No Share Units that are intended to be “qualified performance-based compensation” shall be granted under the Plan after the first stockholder meeting to occur in the fifth year following the year in which Shareholders approved the Performance Goals unless and until the Performance Goals or the Plan is re-approved by the Shareholders.
Each grant of a Share Unit will be set forth in a Grant Agreement containing terms and conditions required under the Plan and such other terms and conditions not inconsistent herewith as the Corporation may, in its sole discretion, deem appropriate.
SHARE UNIT GRANTS AND ACCOUNTS
An Account shall be maintained by the Corporation for each Participant. On the Grant Date, the Account will be credited with the Share Units granted to a Participant on that date.
On each Payout Date and subject to Section 6.5, the Participant shall be entitled to receive, and the Corporation shall issue or provide, Shares equal in number to the Vested Share Units in the Participant’s Account to which the Payout Date relates.
The number of Shares to be issued or provided shall be equal to the whole number of Vested Share Units. Where the number of Share Units would result in the issue of a fractional Share Unit in the form of a fractional Share, the number of Share Units to be issued in the form of Shares shall be rounded down to the next whole number of Share Units. No fractional Shares shall be issued and such fractional Share entitlement shall be satisfied by a cash payment to the Participant in an amount equal to such fractional Share entitlement multiplied by the Market Value on the Payout Date.
Shares issued by the Corporation from treasury under this Plan shall be considered fully paid in consideration of past service that is no less in value than the fair equivalent of the money the Corporation would have received if the Shares had been issued for money.
Subject to and in accordance with any Applicable Law, the Corporation may, but is not obligated to, acquire issued and outstanding Shares in the market for the purposes of providing Shares to Participants under the Plan. The Shares acquired for this purpose shall not be included for the purpose of determining the maximum number of Shares to be issued under the Plan in accordance with Section 10.1.
If so determined by the Corporation, in lieu of the issue or provision of Shares, the Corporation may satisfy the issuance or provision of Shares under the Plan, in whole or in part, by the payment of a cash amount to a Participant on the Payout Date. The amount of such payment shall be equal to the number of Shares in respect of which the Corporation makes such a determination, multiplied by the Market Value on the Payout Date, subject to any applicable withholding tax. An entitlement so paid in cash shall not be included for the purpose of determining the maximum number of Shares to be issued under the Plan in accordance with Section 10.1.
TERMINATION OF EMPLOYMENT AND FORFEITURES
Unless otherwise determined by the Corporation pursuant to Section 7.2 and subject to Section 7.3, on a Participant’s Termination Date, any Share Units in a Participant’s Account which are not Vested Share Units shall terminate and be forfeited.

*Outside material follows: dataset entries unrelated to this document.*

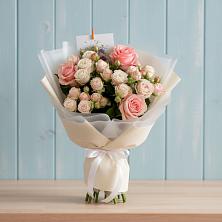 Букет цветов из:  Розы в Тирлянский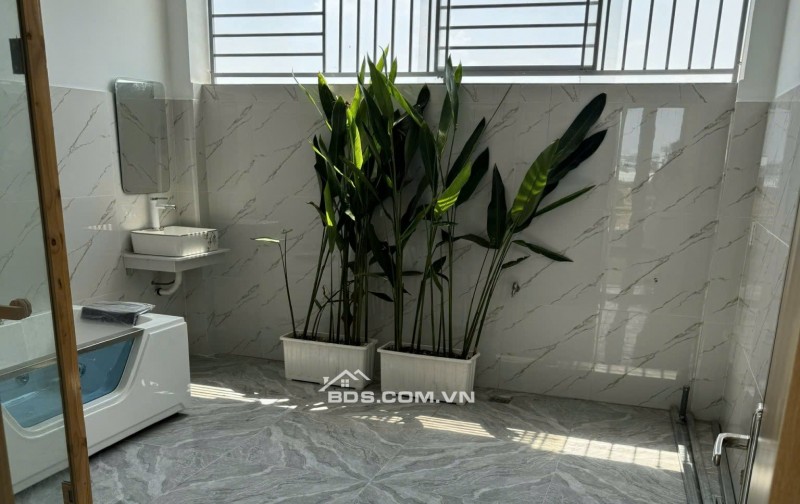 Bán nhà đường Thạnh Xuân 47, Quận 12, 4 tầng + lửng, 4PN, 4WC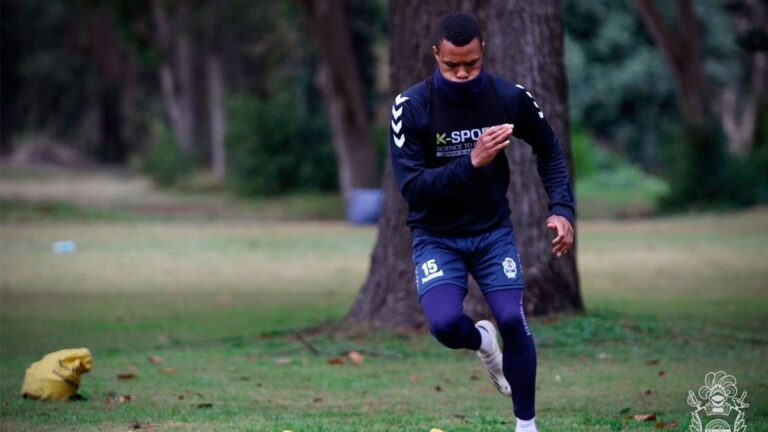 Gimnasia entrenó mientras espera al Pulga en Abasto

Notwithstanding Section 7.1, where a Participant ceases to be an Employee as a result of the termination of his or her employment without cause, then in respect of each grant of Share Units made to such Participant, at the Corporation’s discretion, all or a portion of such Participant’s Share Units may be permitted to continue to vest, in accordance with their terms, during any statutory or common law severance period or any period of reasonable notice required by law or as otherwise may be determined by the Corporation in its sole discretion.

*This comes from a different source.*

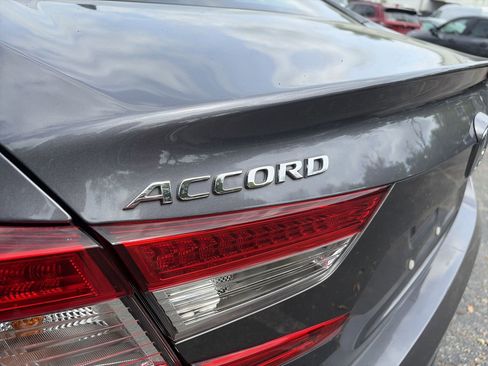 Certified 2020 Honda Accord EX-L image 24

Subject to Section 15 hereof, notwithstanding the conditions as to vesting of Share Units contained in any individual Grant Agreement, if at any time within 12 months from the date of a Change of Control: (i) a Participant’s relationship with the Corporation is terminated by the Corporation other than for Cause or (ii) a Participant resigns for Good Reason, all outstanding Share Units held by such Participant shall become Vested Share Units and the Payout Date in connection with such Participant’s Vested Share Units shall be accelerated to the date of such Participant’s termination or resignation for Good Reason and the Corporation shall issue Shares to such Participants with respect to such Vested Share Units in accordance with Sections 6 and 8; provided that in the event that any Share Units are subject to performance-based vesting conditions, then the vesting of such Share Units shall accelerate only to the extent that such performance-based vesting conditions have been satisfied and further provided that if a performance-based vesting condition is, in the Board’s discretion, capable of being partially performed, then vesting shall be accelerated on a pro rata basis to reflect the degree to which the vesting condition has been satisfied, as determined by the Board.

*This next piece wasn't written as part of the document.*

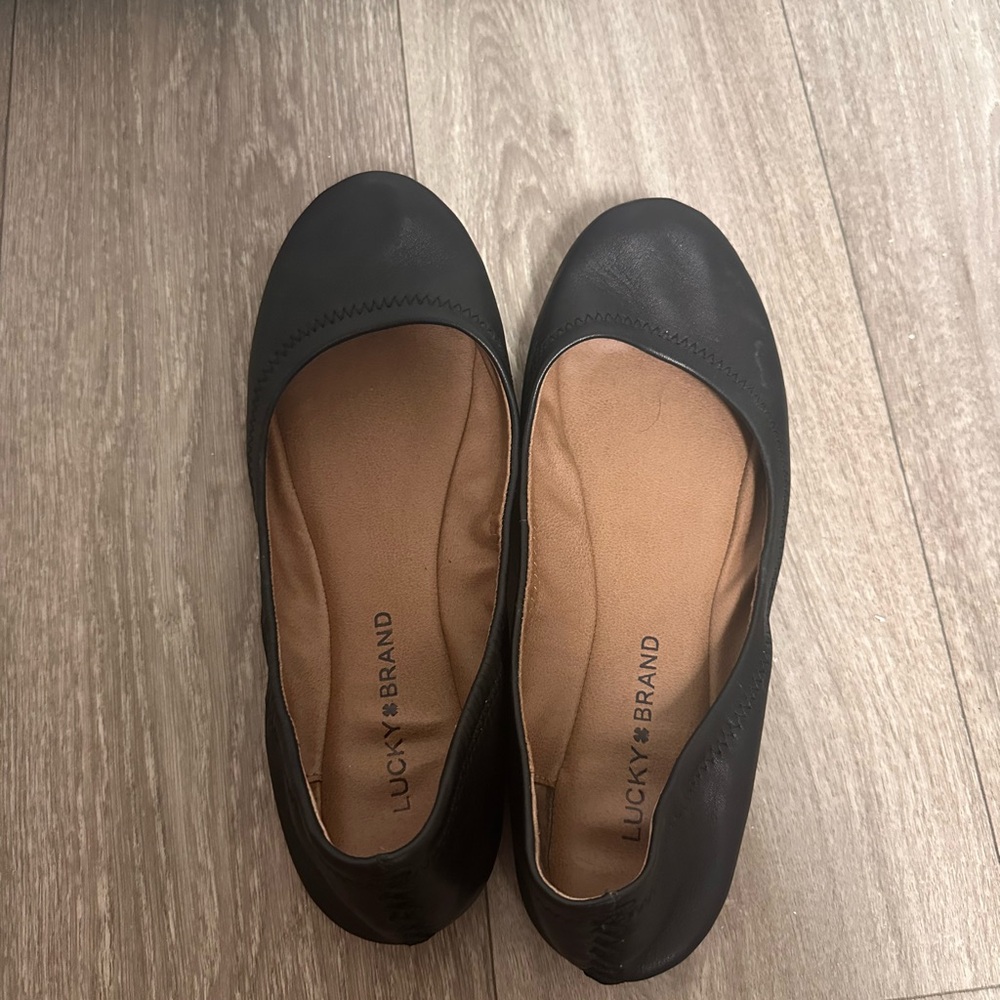 Lucky Brand Black Round-Toe Ballet Flats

In the event a Participant’s Termination Date is prior to the Payout Date with respect to any Vested Share Units in such Participant’s Account, the Payout Date with respect to such Vested Share Units shall, notwithstanding any provision in the Grant Agreement, be accelerated to the Participant’s Termination Date and the Corporation shall, as soon as practicable following such Termination Date, issue or provide Shares or make payment to such Participant with respect to such Vested Share Units in accordance with Section 6.
Notwithstanding any other provision of the Plan or a Grant Agreement, Share Units granted hereunder shall terminate on, if not redeemed or previously terminated and forfeited in accordance with the Plan, and be of no further force and effect after, the Expiry Date.
ALTERATION OF NUMBER OF SHARES SUBJECT TO THE PLAN
In the event that the Shares shall be subdivided or consolidated into a different number of Shares or a distribution shall be declared upon the Shares payable in Shares, the number of Share Units then recorded in the Participant’s Account shall be adjusted by replacing such number by a number equal to the number of Shares which would be held by the Participant immediately after the distribution, subdivision or consolidation, should the Participant have held a number of Shares equal to the number of Share Units recorded in the Participant’s Account on the record date fixed for such distribution, subdivision or consolidation.
In the event there shall be any change, other than as specified in Section 9.1, in the number or kind of outstanding Shares or of any shares or other securities into which such Shares shall have been changed or for which they shall have been exchanged, pursuant to a Reorganization or otherwise, then there shall be substituted for each Share referred to in the Plan or for each share into which such Share shall have been so changed or exchanged, the kind of securities into which each outstanding Share shall be so changed or exchanged and an equitable adjustment shall be made, if required, in the number of Share Units then recorded in the Participant’s Account, such adjustment, if any, to be reasonably determined by the Committee and to be effective and binding for all purposes.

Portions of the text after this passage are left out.